# boo hoo



## slotking (May 27, 2008)

Was about to make some new videos
got everthing ready
setup the camera
But the battery was dead
No problem, plug in the ac adapter
WHAT!!! I can not find the AC adapter!!

No way to hold my iphone

I will try looking a little longer, then maybe I can find 1 on the bay.

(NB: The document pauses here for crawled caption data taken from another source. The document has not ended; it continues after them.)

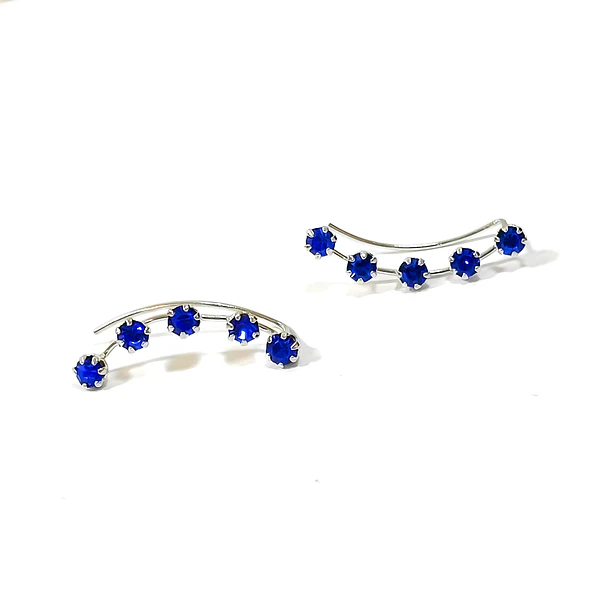 Aros Trepadores 5 Strass Azul Plata Fina 925 3
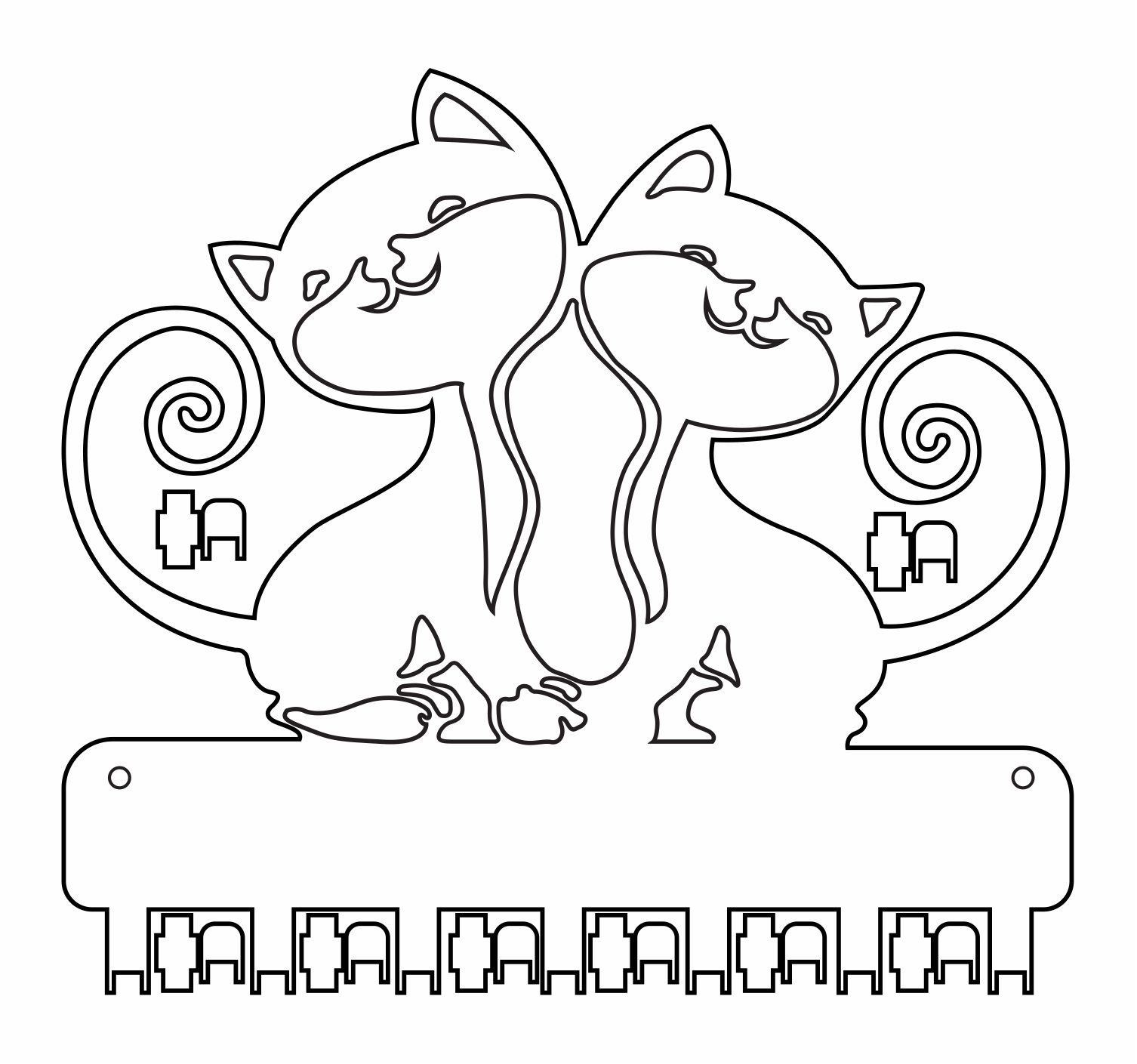 llavero de pared gatos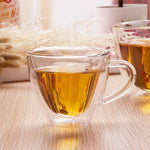 Heart-Shaped Double Layer Glass Mug – 180ml / 240ml Heat-Resistant Cup for Coffee, Tea, Juice & More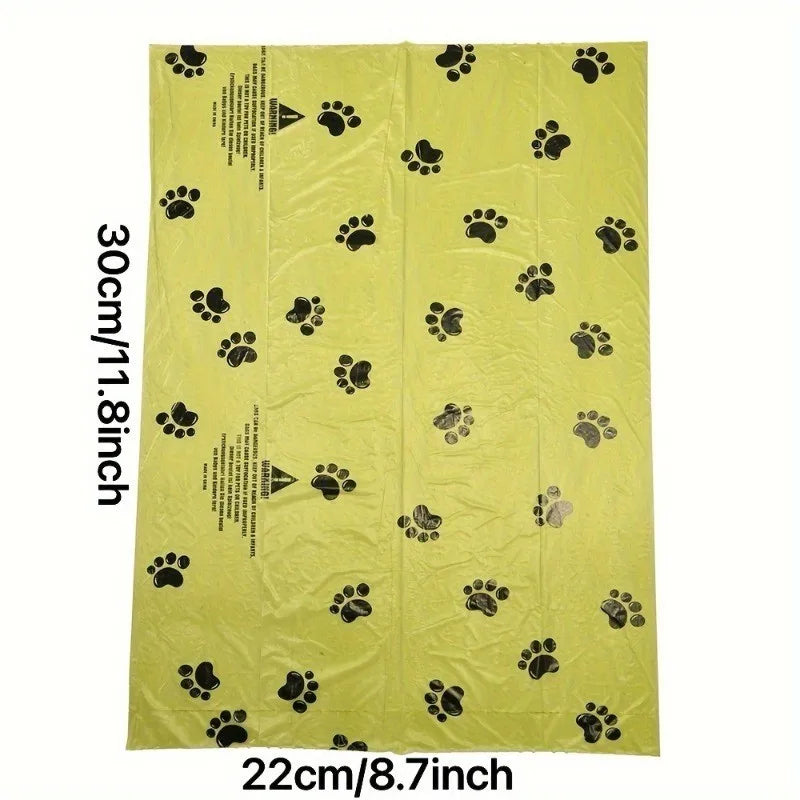 Extra Thick Leak Proof Paw Print Dog Waste Bags Ten Pack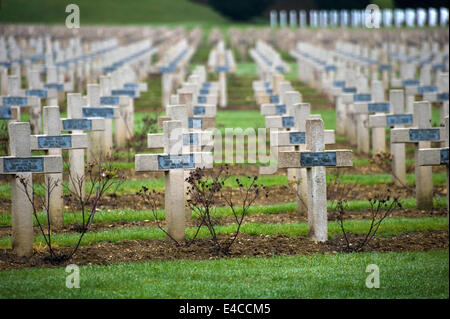 Infinite croci al cimitero fuori l'ossario Douaumont (L'ossuaire De Douaumont) costruito nel 1932 Foto Stock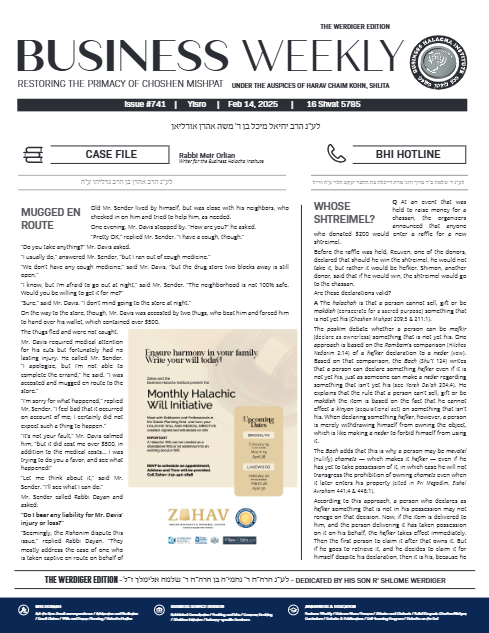 Business Weekly — Parshas Yisro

Luckily the Peckham vids are done with his camera.


----------



## slotking (May 27, 2008)

woo hoo
found it, going to start on a video right now!

should be up tonite


----------



## slotking (May 27, 2008)

vids are still uploading
so I should everything org later today, bed time for me


----------



## slotking (May 27, 2008)

they are done


----------



## Bubba 123 (Sep 10, 2010)

slotking said:


> they are done


where can they be seen (??)
Bubba 123 :wave:


----------



## slotking (May 27, 2008)

to see them in order, they are at the ho-tips site in the video library section


----------



## slotking (May 27, 2008)

peckham just did a back to the future car and video

I place in the peckham's corner section on ho-tips or on youtube


----------



## Rich Dumas (Sep 3, 2008)

It's OK to post a link you know!


----------



## slotking (May 27, 2008)

http://www.ho-tips.net/forumdisplay.php?fid=94

Back to future is just a vid,

Knight rider is pictures and a vid


----------